The plane taxied to the runway, fired its engines, took off, and cruising altitude was reached. 

The stewardesses began to appear, I beckoned a bloody mary to comer hither. 

Something quite, quite beautiful then befell the situation. The flight attendant of bloody mary fetching fame presented me with my beverage and went on to inform that there were a pair of vacant seats by the exit, and would I like to pass out in them.

Yes, yes, yes, and yes.

Relocating, I reclined my seat to the hilt, sipped my drink, and closed my eyes.

The last words I heard before sinking into slumber came from the pilot over the address system...

"Please don't worry," he said, "we are trying to rectify the issue."

Seat 41 G...in there somewhere

----------


## Breny

Nice job as usual slap.  Bloody Mary/Zopiclone sleepers are my combo of choice when i fly.

----------


## xanax

genuine pics are always preferable

----------


## somtamslap

> Bloody Mary/Zopiclone sleepers are my combo of choice when i fly.


 BMs are traditional.





> genuine pics are always preferable


 Yep. Poor show. Couldn't muster the motivation to get me camera out.

----------


## klong toey

Our last flight with Thai from swampy,aircraft taxing towards runway.
Cabin crew final check,sir please put your seat up,can't its broken.
Few seconds later next steward sir put your seat up can't its broken,i tried on both occasions to move it to the upright position would not budge.
Steward sir put your seat up please,this time i unbuckle stand up and give it a good yank.What part of its broke and will not go to the upright position don't you understand.
Its bloody broke you put me in this seat its your bloody aircraft you fix it.
Okay sir sit down we take off now.
Thai smooth as silk.

----------


## xanax

smooth as shit more like

----------


## ACT

Nice story. 

Yin Dee Ton Rab Soo Prathet Thai.  :Smile:

----------


## somtamslap

> Yin Dee Ton Rab Soo Prathet Thai.


 Shan't be hearing those words for a while, unfortunately. England mode has been activated.

----------


## Lostandfound

My advice on traveling in economy.

1. Don't

2. If you must, argue the toss and threaten to resign if your employer is paying.

3. If above fails, board aircraft last. irrespective of your seat assignation find a row of four, or three or failing that, wherever you think looks most comfy.

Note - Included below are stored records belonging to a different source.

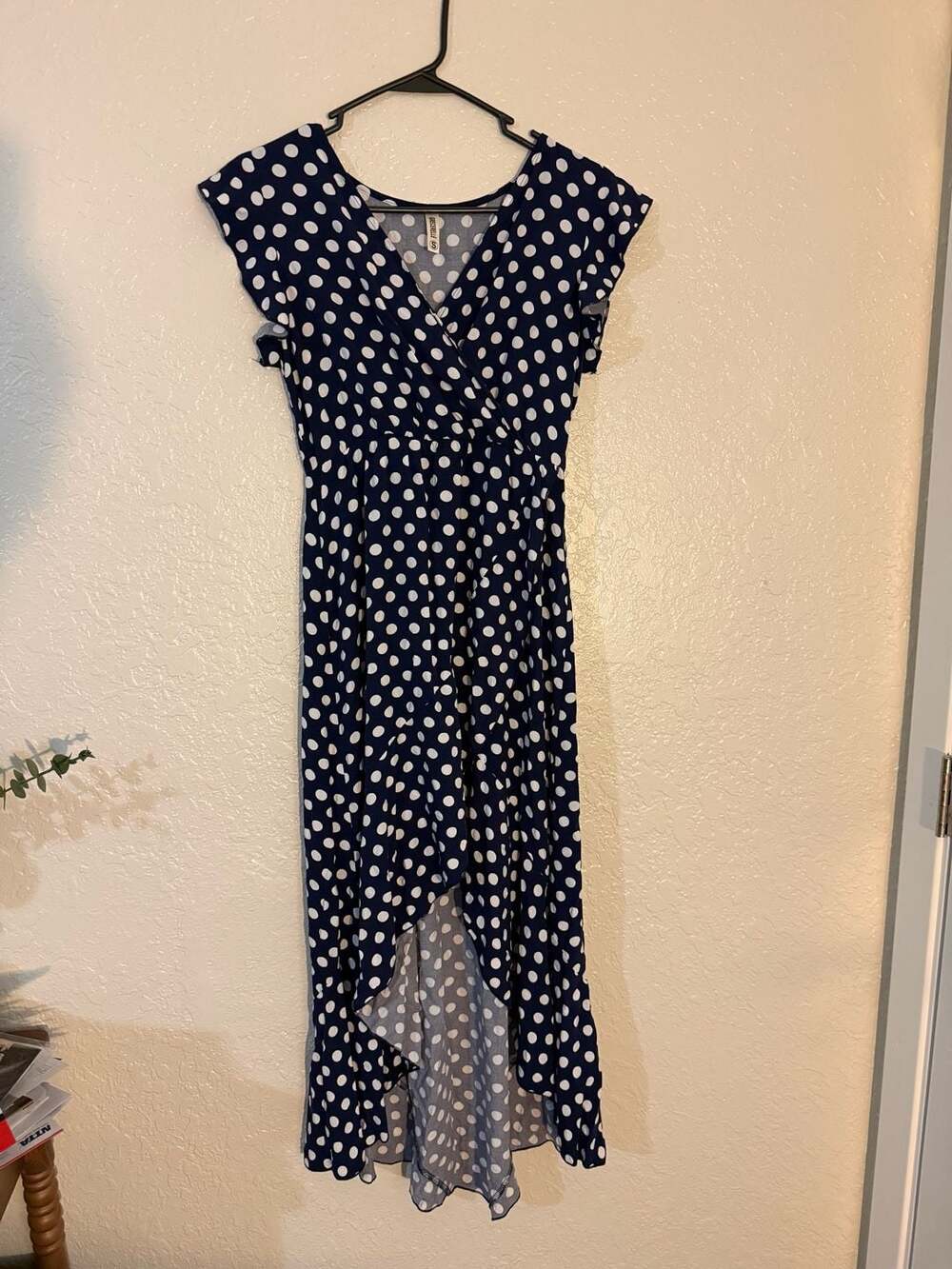 GRECERELLE Polka Dot High Low Dress Size S Blue White Flutter Sleeve Wrap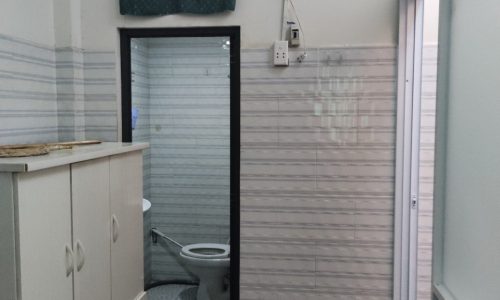 Bán nhà trống mới,sổ hồng,1trệt 1lầu,2PN+2Toilet+2WC,chợ Phú Lâm rue Bà Hom P13 Q6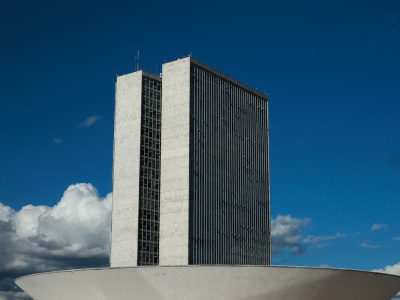 Câmara aprova emendas do Senado à MP que cria programa de crédito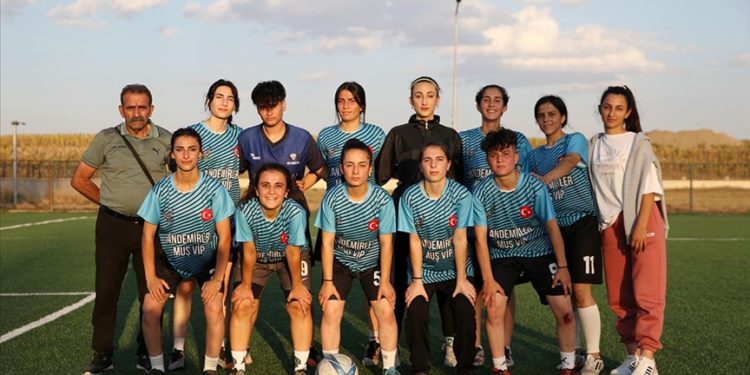 Muşlu kadın futbolcular 2. Lig hedefiyle play-in maçlarına hazırlanıyor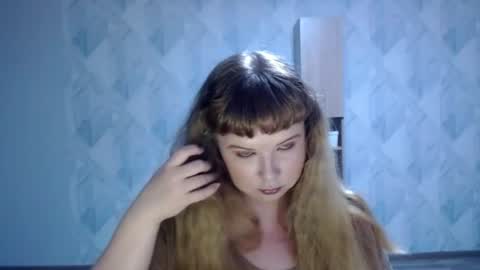 Snapshot of melina_beauty chatting on June 25, 2026, 11:53 pm Melina online show from June 25, 2026, 11:53 pm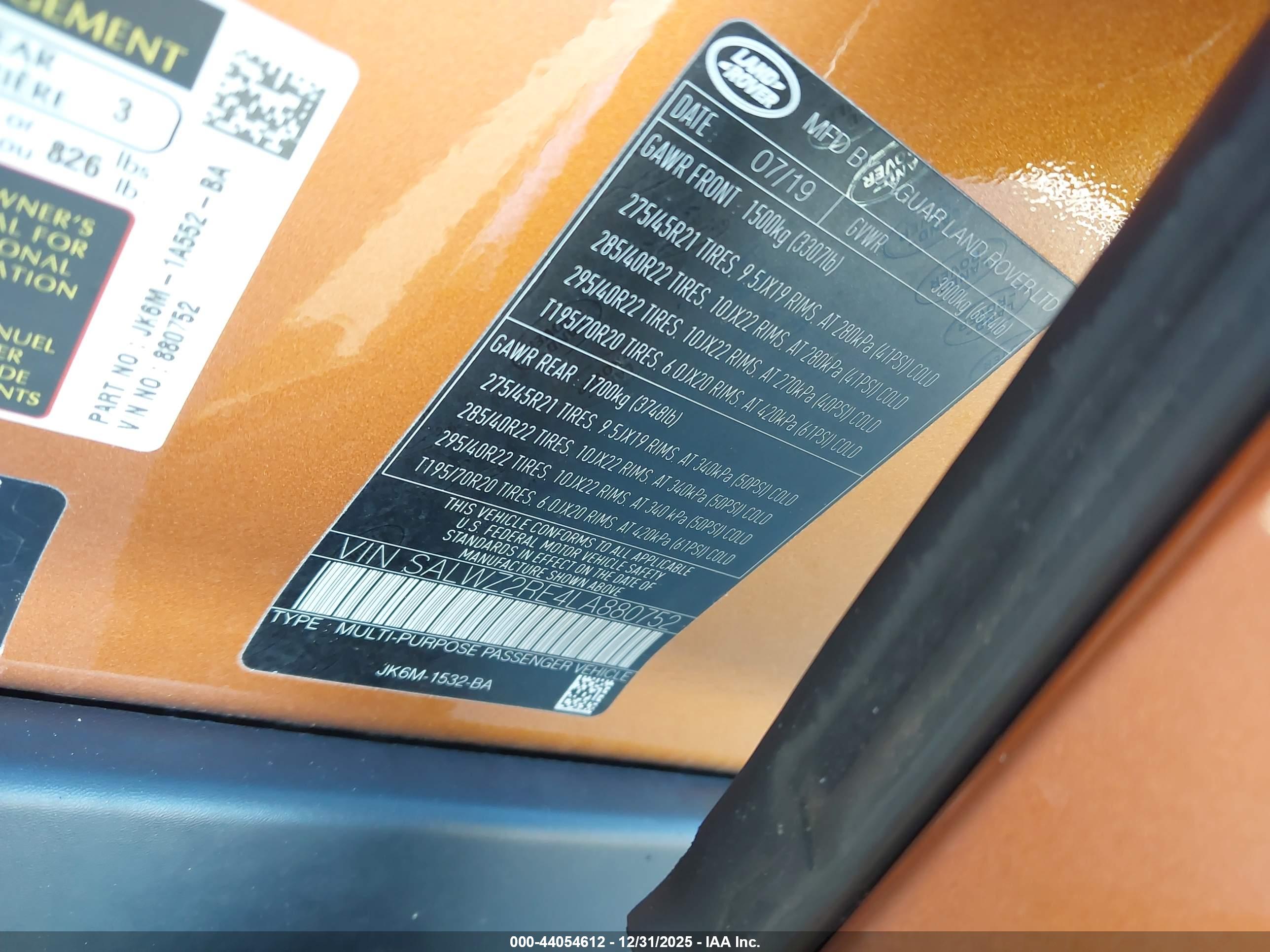 LAND ROVER image 9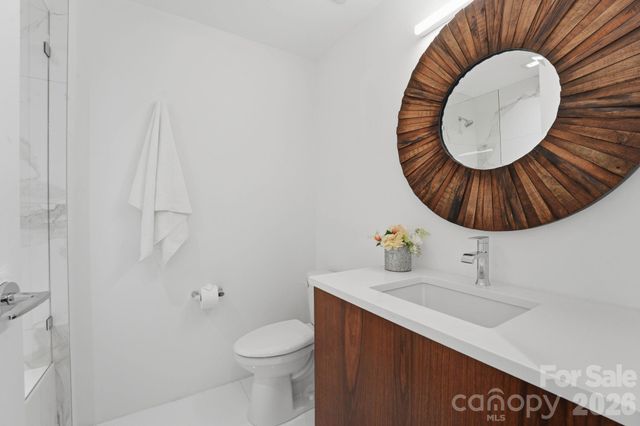 304 Frazier Avenue, Charlotte, NC 28216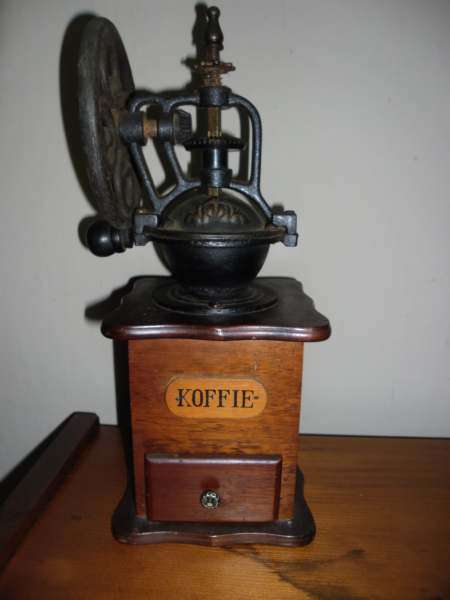 CAST IRON COFFEE GRINDER 30 CM
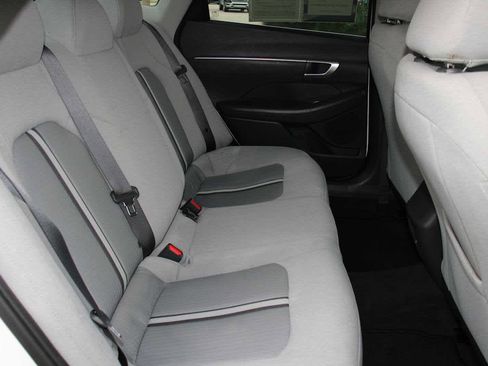 Used 2022 Hyundai Sonata SE w/ Preferred Accessory Package image 38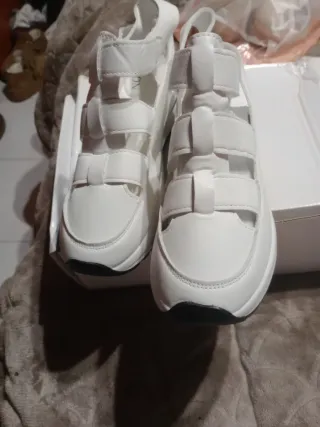 Zapatillas blancas de plataforma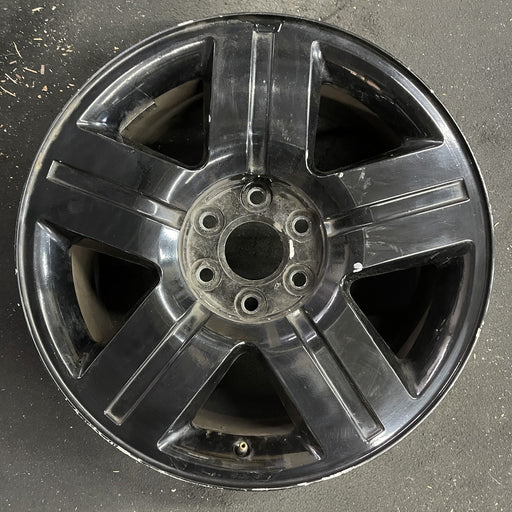 20" AVALANCHE 1500 07 20x8.5, 5 spoke, covered lug nuts, w/groove in spoke - Angle View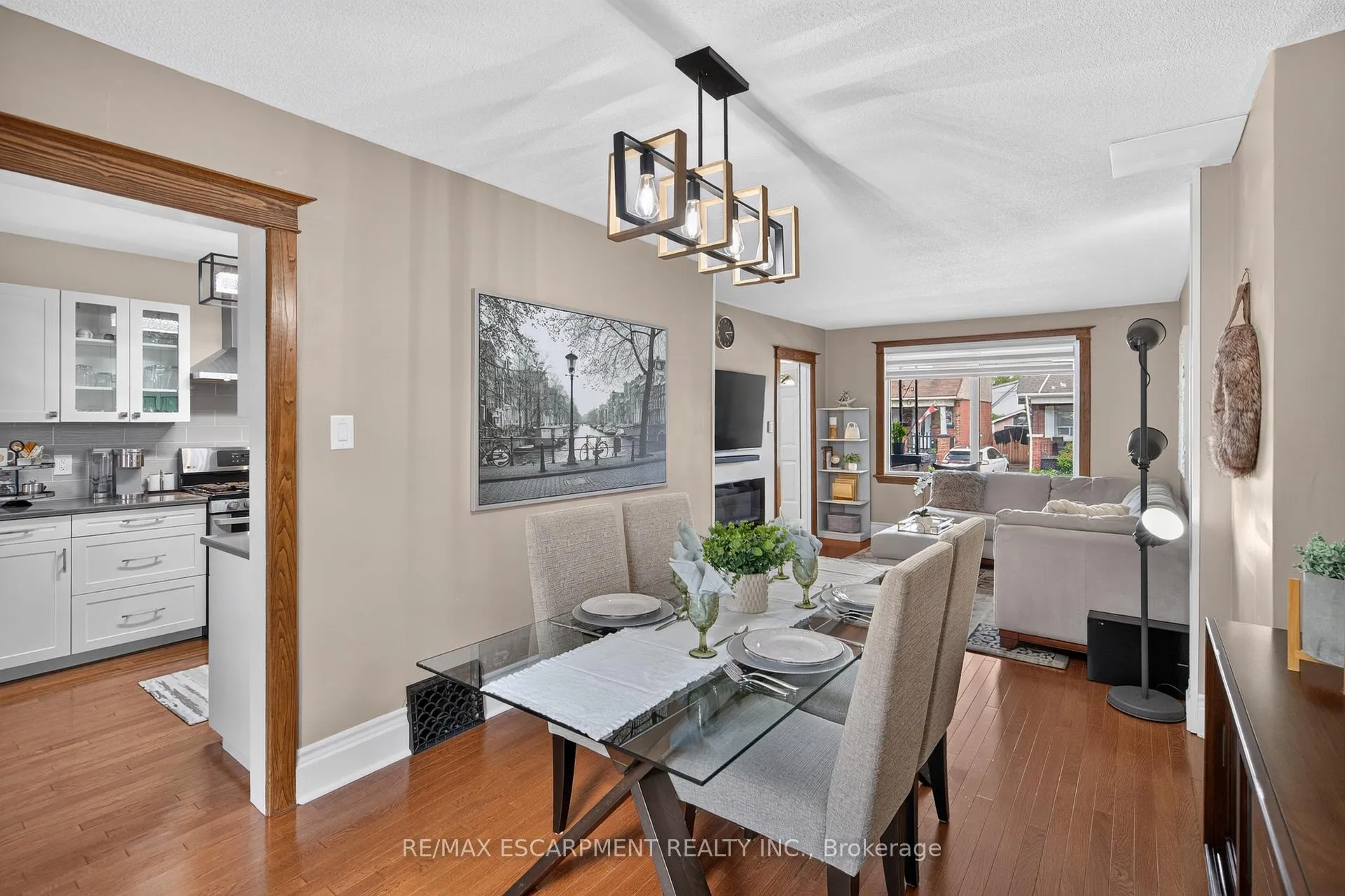 Photo 14 of 55 Cameron Avenue N, Hamilton, Homeside — HOMEH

Eat before boarding and do not attempt to board sober.

4. Pull out the sick bag in setback in front, take two Xanax 

5. Dribble into sick bag as plane taxis, apologizing to fellow passengers and mention you have taken Imodium (cunningly disguised as xanax) for the diarrhea. This discourages the others from sitting anywhere near you.

6. As soon as the seatbelt sign goes off lie down and pass out.

----------


## somtamslap

^ Sounds about foolproof. 



> take two Xanax


An absolute must.

----------


## kingwilly

A buncha nancy boys, imagine being 'fraid of flying. But well written OP.

----------


## somtamslap

> imagine being 'fraid of flying


 In this day and age of planes disappearing willy nilly into the ether, it'd be foolish not to.

----------


## siamsaunter

I always fly economy but pay to enter the lounge at swampy. Get trashed on the free Leo, pop some pills and pass out when I am on the plane. I look horrific when I land!

----------


## aging one

Which lounge would that be?

----------


## Dillinger

> I noted that 41 F was occupied by a gentleman of African descent. I was about to apologise in advance for the great inconvenience he would be subjected to for the next 12 hours when my phone rang. It was my wife. Are you on the plane? She asked. Not so many moons ago I'd had a habit of foregoing the flying process in favour of staying in the pub instead. Yes, I said, and with a great amount of effort stowing my small case in the luggage cache. How are you feeling? She pressed, fully aware of my aversion of all things aviation. In fairly fine fettle, I answered - although this was probably heard as fgwefyggqgfwgfqfhggfhgfqhgfjfghjfgbigblackbloke.


 :smiley laughing: 







> there were a pair of vacant seats by the exit, and would I like to pass out in them.  Yes, yes, yes, and yes.  Relocating, I reclined my seat to the hilt, sipped my drink, and closed my eyes.  The last words I heard before sinking into slumber came from the pilot over the address system...  "Please don't worry," he said, "we are trying to rectify the issue."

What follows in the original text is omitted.